Hoge Raad 2 februari 2018, ECLI:NL:HR:2018:128
Op 1 oktober 2008 komt een nieuw regime lijfrenteverzekering tot uitkering. Vanwege de ongunstige ontwikkelingen op de financiële markten durft de man het niet aan een lijfrente aan te kopen bij een verzekeraar. Hij laat het lijfrentekapitaal van € 86.856,78 overboeken naar zijn in 2006 opgerichte stamrecht-BV. De BV belegt het ontvangen lijfrentekapitaal in participaties Robeco en Rolinco. Op 19 september 2008 stuurde de man een brief aan de Belastingdienst met het verzoek goed te keuren dat de stamrecht-BV de lijfrenteverplichting mag uitvoeren. De man krijgt pas op 26 november 2008 een afwijzend antwoord. De inspecteur beschouwt de overdracht naar een niet-toegelaten uitvoerder als afkoop. Inmiddels zijn de beleggingen van de BV met € 20.150 in waarde gedaald. De man is van mening dat het koersverlies is te wijten aan de trage beantwoording door de Belastingdienst en moet leiden tot vermindering van de inkomstenbelasting. Zowel de rechtbank als het hof zijn het daar niet mee eens. De Hoge Raad oordeelt dat de klachten niet tot cassatie kunnen leiden.
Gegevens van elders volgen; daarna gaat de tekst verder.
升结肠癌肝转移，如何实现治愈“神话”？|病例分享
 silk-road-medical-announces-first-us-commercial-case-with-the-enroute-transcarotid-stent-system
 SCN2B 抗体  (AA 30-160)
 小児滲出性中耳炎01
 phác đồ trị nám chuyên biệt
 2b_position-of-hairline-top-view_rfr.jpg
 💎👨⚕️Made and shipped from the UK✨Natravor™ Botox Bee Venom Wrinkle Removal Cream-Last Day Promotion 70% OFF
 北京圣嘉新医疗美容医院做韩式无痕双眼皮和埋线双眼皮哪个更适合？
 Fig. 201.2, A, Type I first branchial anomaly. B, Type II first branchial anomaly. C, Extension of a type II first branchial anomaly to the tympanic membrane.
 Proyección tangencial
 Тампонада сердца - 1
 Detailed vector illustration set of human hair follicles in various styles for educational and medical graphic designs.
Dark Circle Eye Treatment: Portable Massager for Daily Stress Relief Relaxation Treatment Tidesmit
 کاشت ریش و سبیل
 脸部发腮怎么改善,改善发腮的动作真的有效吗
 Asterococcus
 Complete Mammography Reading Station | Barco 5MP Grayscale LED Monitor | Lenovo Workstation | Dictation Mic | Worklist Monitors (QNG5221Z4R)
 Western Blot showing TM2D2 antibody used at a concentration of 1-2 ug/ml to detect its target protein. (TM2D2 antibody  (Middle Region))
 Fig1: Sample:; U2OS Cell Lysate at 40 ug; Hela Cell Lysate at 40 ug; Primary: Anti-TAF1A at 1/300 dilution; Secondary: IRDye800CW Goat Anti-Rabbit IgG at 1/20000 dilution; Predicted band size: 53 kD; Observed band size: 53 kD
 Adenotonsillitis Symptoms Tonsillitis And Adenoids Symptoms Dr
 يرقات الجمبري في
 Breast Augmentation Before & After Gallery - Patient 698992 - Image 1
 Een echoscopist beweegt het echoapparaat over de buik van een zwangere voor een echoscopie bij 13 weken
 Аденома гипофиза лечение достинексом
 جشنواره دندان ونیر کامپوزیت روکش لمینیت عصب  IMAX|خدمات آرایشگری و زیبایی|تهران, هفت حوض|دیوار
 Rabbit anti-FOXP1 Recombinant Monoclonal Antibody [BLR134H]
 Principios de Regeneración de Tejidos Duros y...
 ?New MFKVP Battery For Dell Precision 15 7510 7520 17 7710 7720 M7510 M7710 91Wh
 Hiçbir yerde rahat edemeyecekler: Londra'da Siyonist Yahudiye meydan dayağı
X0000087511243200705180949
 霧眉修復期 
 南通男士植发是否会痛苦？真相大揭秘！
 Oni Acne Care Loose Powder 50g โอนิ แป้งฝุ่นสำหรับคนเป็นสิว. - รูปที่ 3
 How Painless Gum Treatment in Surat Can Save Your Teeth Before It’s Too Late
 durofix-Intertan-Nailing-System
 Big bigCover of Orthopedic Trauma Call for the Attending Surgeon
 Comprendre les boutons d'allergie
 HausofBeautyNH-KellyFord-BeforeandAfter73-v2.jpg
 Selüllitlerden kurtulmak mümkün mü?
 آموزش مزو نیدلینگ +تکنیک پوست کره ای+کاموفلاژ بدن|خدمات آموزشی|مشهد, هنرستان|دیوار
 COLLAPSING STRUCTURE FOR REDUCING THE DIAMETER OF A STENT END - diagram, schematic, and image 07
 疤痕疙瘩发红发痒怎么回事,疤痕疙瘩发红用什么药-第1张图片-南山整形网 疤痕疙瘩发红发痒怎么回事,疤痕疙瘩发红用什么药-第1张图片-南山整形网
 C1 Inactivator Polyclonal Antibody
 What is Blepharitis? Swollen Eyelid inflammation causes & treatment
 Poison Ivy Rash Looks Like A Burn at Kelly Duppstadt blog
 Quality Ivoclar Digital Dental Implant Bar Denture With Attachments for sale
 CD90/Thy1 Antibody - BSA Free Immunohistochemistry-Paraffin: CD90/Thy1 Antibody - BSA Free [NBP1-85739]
Omdat de stamrecht-BV geen toegelaten uitvoerder is voor een nieuw regime lijfrente, wordt het lijfrentekapitaal op het moment van overdracht in de heffing betrokken op grond van artikel 3.133, eerste lid en tweede lid, aanhef en onderdeel d Wet IB 2001. Dat de BV vervolgens door herbelegging verlies lijdt, brengt daarin geen verandering.
Nadat het lijfrentekapitaal tot uitkering is gekomen, staat de weg open om te gaan shoppen. In artikel 3.126 Wet IB 2001 staat met zoveel woorden aangegeven welke uitvoerders in aanmerking komen om een lijfrente aan te bieden. Er kan onder meer een lijfrente worden aangekocht bij een verzekeraar, een bank, een beleggingsonderneming of een beleggingsinstelling. Een eigen BV (zoals een stamrecht-BV of een pensioen-BV) kwalificeert in beginsel niet als zodanig. Toch zien we in de praktijk nog wel eens dat lijfrenten zijn verzekerd bij de eigen BV. Dit zijn feitelijk de uitzonderingen. Zo is het mogelijk een lijfrente te bedingen bij de eigen BV als de lijfrente is bedongen als tegenprestatie voor de overdracht van een (gedeelte van een) onderneming. Tot 2001 was het mogelijk een saldolijfrente te bedingen bij de eigen BV. En nog verder terug in de tijd: in het tijdperk van vóór de Brede herwaardering was het mogelijk een lijfrente te bedingen bij de eigen BV als aan de voorwaarden van artikel 80c Wet op de inkomstenbelasting 1964 voldaan werd.